YOUR GOAL :: Reproduce exactly the lines from the one containing "NEDES - Svítidlo" through the end of the listing, minus the pictures.

SUPPLIED DATA ::
-.-.-

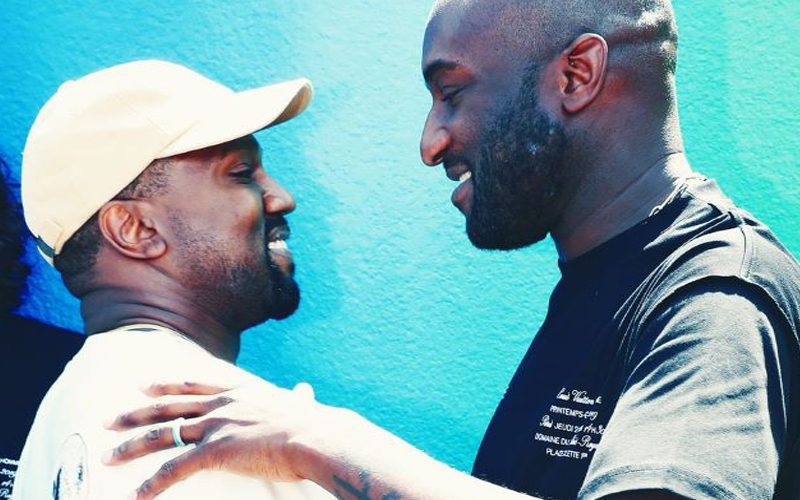 Kanye West Stopped Buying Louis Vuitton Bags After Virgil Abloh’s Passing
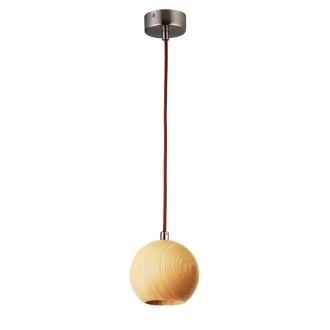 NEDES - Svítidlo masivní dřevo GU10 / 110 - WRG011
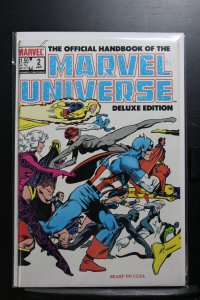 The Official Handbook of the Marvel Universe #2 (1983)
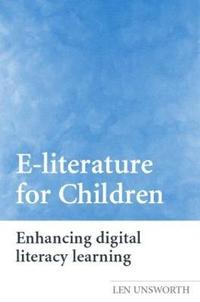 bokomslag E-literature for Children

-.-.-

SOLUTION TO THE EXERCISE ::
 NEDES - Svítidlo masivní dřevo GU10 / 110 - WRG011
 The Official Handbook of the Marvel Universe #2 (1983)
 bokomslag E-literature for Children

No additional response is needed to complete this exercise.